I gave a talk at the Berkeley Center for New Media last November, and the recording and transcript are now available here.

I called the lecture ‘Seeing cities digitally: processing urban space and time – or – animated urbanism’. The first bit of the title was a nod to an open-access book I edited, published last year by Amsterdam University Press. It’s also called Seeing the City Digitally and has what I think is an amazing collection of essays by its contributors. You can find it here.

The second part of the title – animated urbanism – is something I’m working on at the moment, thinking about what it means to live in cities that are increasingly visualised through what Thomas Elsaesser described as the ‘default vision’ of a digital visual culture: urban life as free-floating, anchorless mobility often in non-Cartesian spaces, in a nutshell. The lecture builds on a cluster of advertisements, all but one for apps, that show floating bodies doing just that – the photo above is from a Spotify ad campaign.

Thanks to BCNM for hosting me, the great audience, and to Emma Fraser for chairing. If anyone has other examples of ads that show people flying through urban space, please let me know!

maximal and minimal VFX

I’ve recently watched Andor and Black Panther: Wakanda Forever, and on the (flimsy) basis of that and my viewing of other movies and streaming series and trailers, I would like to propose that digital visual effects – VFX – the ones that strive for some kind of photorealism – can more and more often be divided into two kinds: maximal and minimal.

Maximal are those movies and series which go all-out for mega-detail at every scale, like Wakanda Forever. Everything seems to be designed to be looked at close up – except that viewers are also continually offered spectacular views of extremely detailed huge landscapes too. Every surface displays some kind of elaborate patterning. Characters’ bodies have incredibly crafted hairdos, jewellry, armour, clothing, weapons, skin. Imagined architecture is florid, covered with neo-neo-gothic-mayan-deco-whatever. Forests and oceans are full of weird vegetation created leaf by leaf, and elaborate fantasy creatures. Streets are packed with crowds of individuals all doing things. Landscapes are full of houses, valleys, peaks, lakes, bridges, flying things, flowing things, cities, weather. I am thinking here of all of the Marvel movies I’ve watched, as well as the Rings of Power (indeed, maybe this was all started by the Lord of The Rings films). Wheel of Time, not quite so much – but the VFX there are still things you have to look at, monsters and magic and such. The Avatar movies definitely. It’s as if the entire screen has to be full of lots of visual-attention-grabbing things all the time.

Whereas one of the reasons I so much enjoyed Andor, and Denis Villeneuve’s version of Dune, is that their VFX are somehow much more minimal. They can be spectacular and detailed, of course. But one reason to see Dune on the big screen is to relish the scale of just a few big things in a frame rather than every scene jostling with endless detail (see also Nope). Huge spaceships, huge deserts, huge cities with lots of enormous blank walls. Just a few people. As for Andor, one of the early episodes – maybe the first – had Andor walking through street at night and passing bubble-type enclosures, inside of which some sort of figures were moving. What sort of figures? No idea. Because the camera didn’t linger on them, I was given no detail, no ‘look it’s an alien doing something weird’ moment. They were just casually there in the background, the viewer hurried past them much in the way that Andor was hurrying. Much of the rest of the series was similar: VFX as background. World-building, necessary, but not flashy, not demanding attention. So minimal VFX seem less fixated on visual details, less interested in making everything totally visible, less concerned to add elaborate detail to every surface. They show less of themselves.
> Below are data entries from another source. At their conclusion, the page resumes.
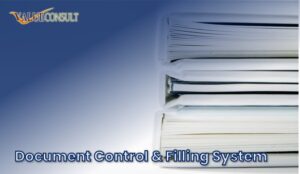 Document Control & Filling System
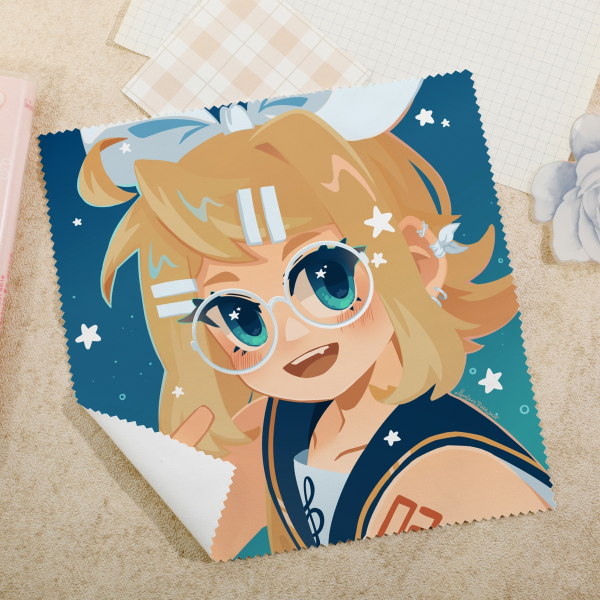Rinchan Cleaning Cloth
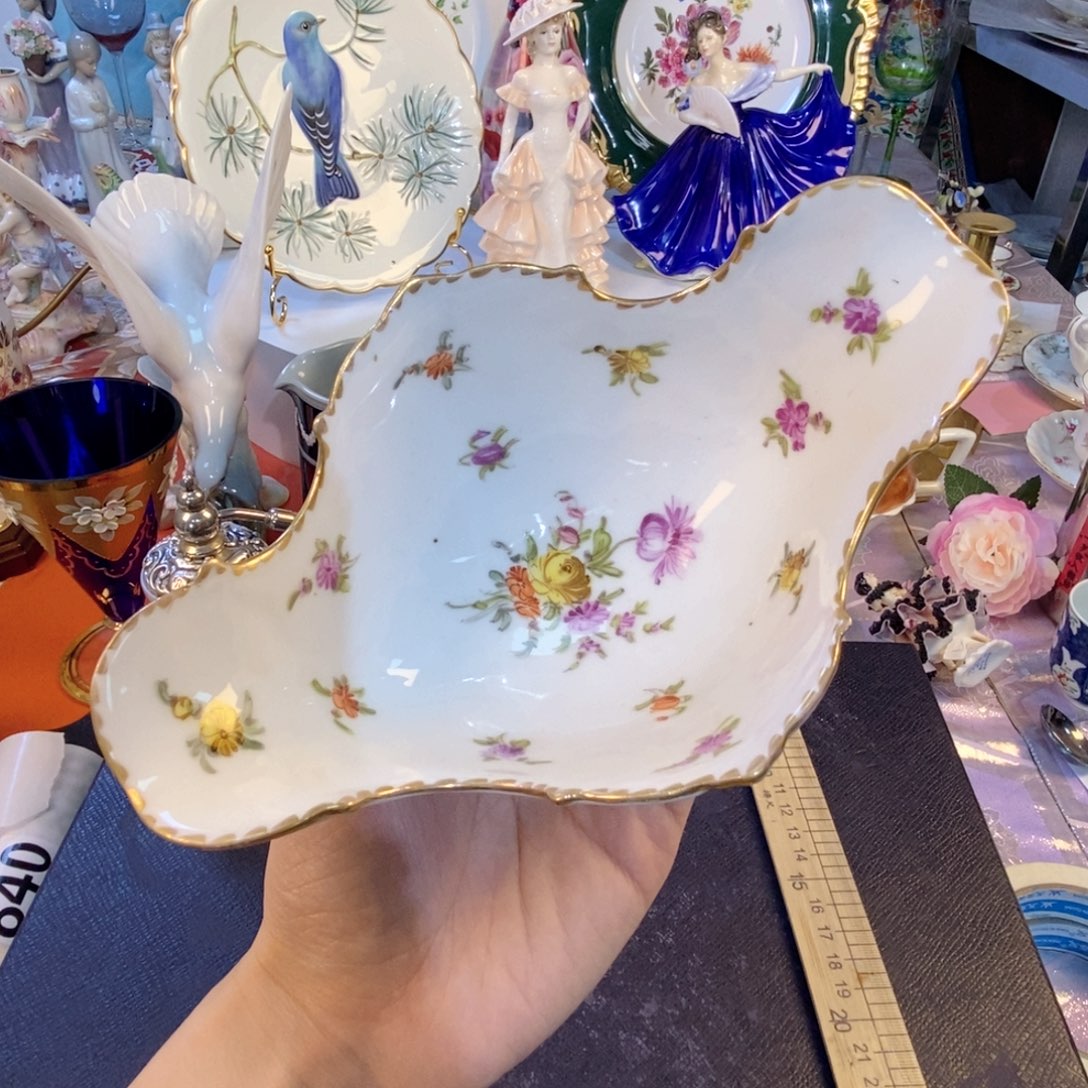 欧瓷咖啡杯水晶杯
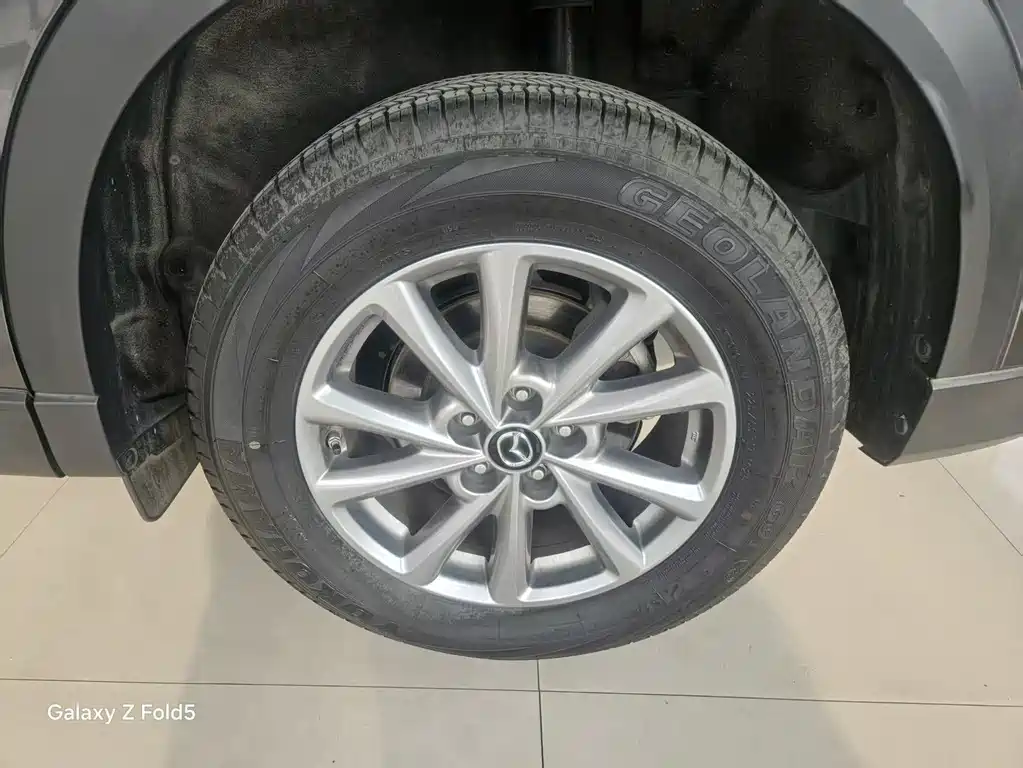 Mazda CX-5 2022 2.0L automatic two-wheel drive smart model купить на сайте DeffCars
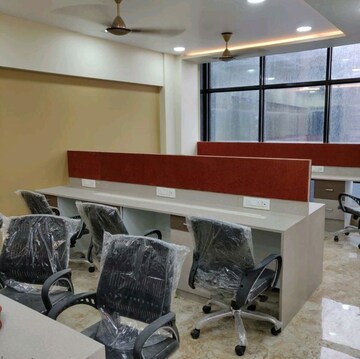 Team Area in  Office Space at NIBR 1 Aerocity, Sakinaka – for Rent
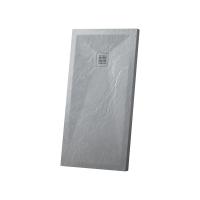 Поддон для душа из искусственного камня VST-4SR9013G, 1300*900*30, серый Vincea фото в интернет-магазине Русалия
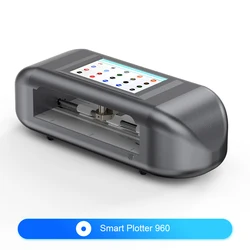 UNIPRO TPU Hydrogel Film Cutting Plotter Back Stickers Mobile Phone Skin Cutter Screen Protector Making Machine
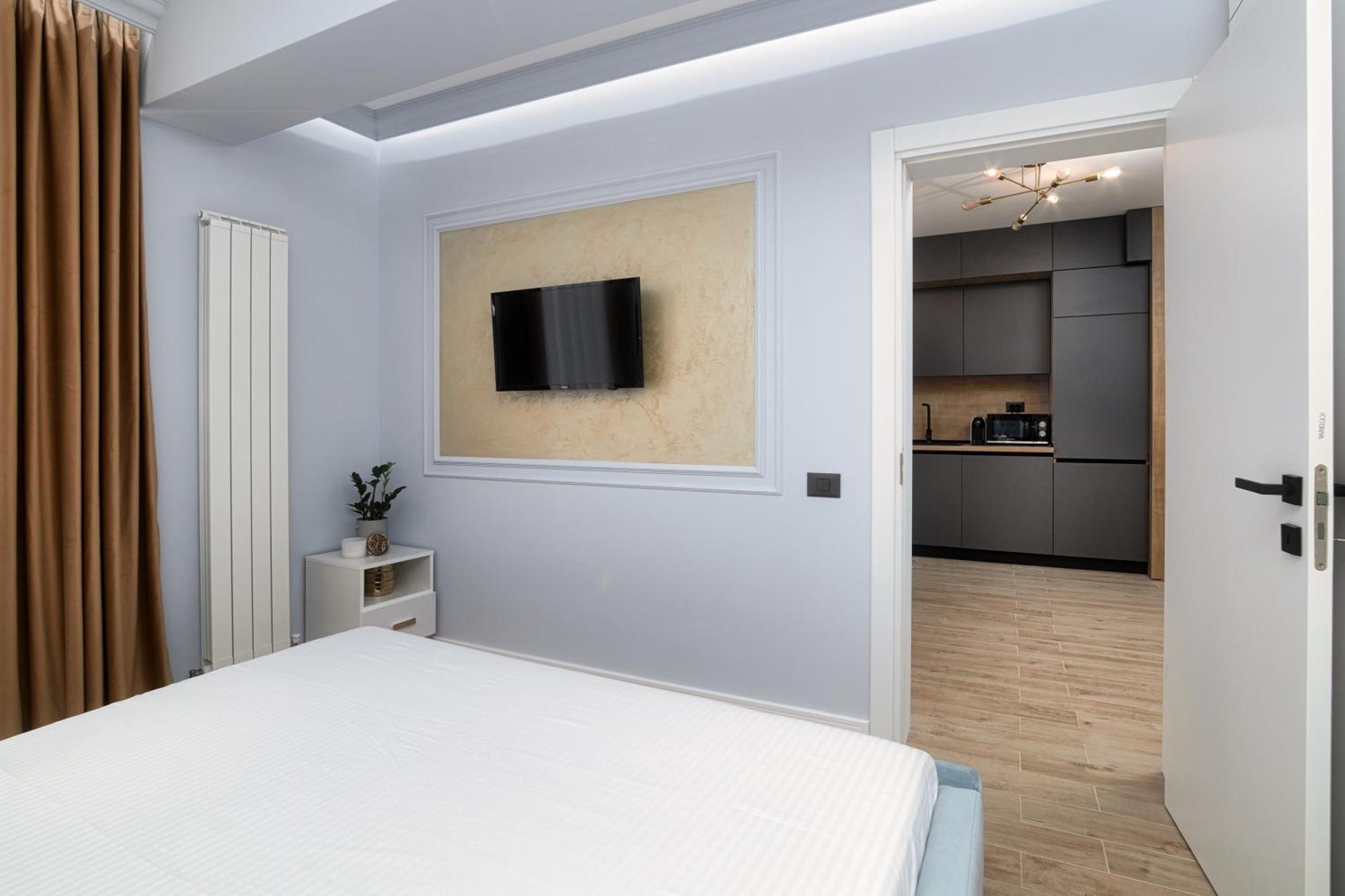 Apartamento Golden Infinity Năvodari Exterior foto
It might also be no coincidence that Dune and Andor are strongly focussed on character and story and are, relatively, really well-written and involving. I have to admit I found The Rings of Power incredibly boring partly because it was so poorly written. But that was maybe also because I was watching it on a laptop rather than an 80 inch tv. To build enticing worlds based on detail, the detail really needs to be visible, I guess, as well as inhabited by characters you care about.

One exception to my minimal-maximal categorisation might be Game of Thrones, which managed both character and cities and dragons pretty convincingly, at least for a long stretch. But hey, you know what they say about exceptions…
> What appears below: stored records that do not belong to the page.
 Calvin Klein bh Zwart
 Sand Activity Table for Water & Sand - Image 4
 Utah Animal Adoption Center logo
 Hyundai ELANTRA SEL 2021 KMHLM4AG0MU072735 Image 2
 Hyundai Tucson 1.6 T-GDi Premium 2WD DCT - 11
PROXISTANT VISION by Bull.Miletic

Ferriscope

PROXISTANT VISION is an installation by Synne Tollerud Bull and Dragan Miletic, on show at the Museum of Craft and Design in San Francisco til 19 March 2023, but you can get a sense of it from the PROXISTANT VISION website. According to the Museum’s website, the work explores the impact of digital aerial imaging technologies on everyday life, though my sense of it was more that it was a precise dissection of the operation of some of those technologies.
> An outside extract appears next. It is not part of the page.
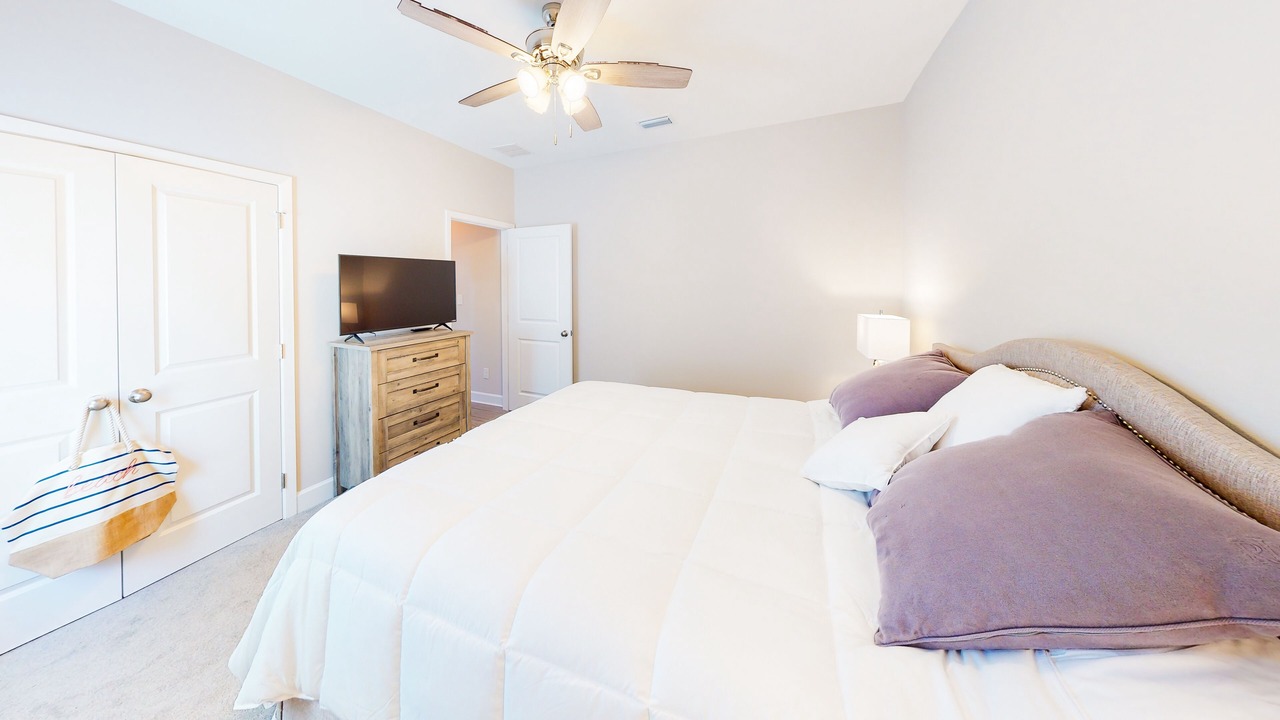 Photo of Bedroom in Navarre
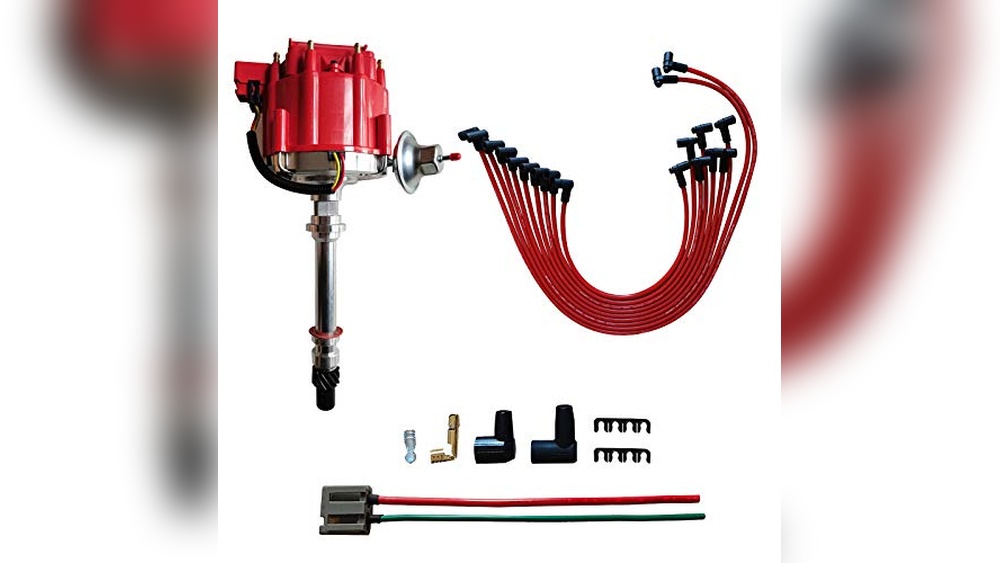Best Hei Distributor for 350 Chevy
Synne and Dragan created PROXISTANT VISION with curator Carol Covington and various collaborators at the University of Chicago and the University of California Berkeley, as part of their PhD research. The installation consists of three, interrelated rooms, each of which plays with the relation between distance and proximity as it is articulated by various technologies. Ferriscope explores what can be seen from urban observation wheels, from the first – immense! the cabins look like railway carriages – Ferris wheel at the World’s Columbian Exposition in Chicago in 1893, to more recent versions in London, LA and Vienna. Venetie 1111110001 works with various images of Venice, including a map from 1500, a view by Google Earth and photos of the carved wooden blocks used to print the paper map. The third piece, Zoom Blue Dot, occupies the space in the museum between the rooms occupied by Ferriscope and Venetie 1111110001. A robot moves around the space projecting a video showing a Google blue dot from outer space down to the interior of its phone screen pixel display. All the spaces are lit only by these the various projections, and the projecting equipment is explicit and even rather ostentatious: a robot no less but also complicated arrangements of projectors, machinery, mirrors, a revolving rhombicuboctahedron, cables and scaffolding.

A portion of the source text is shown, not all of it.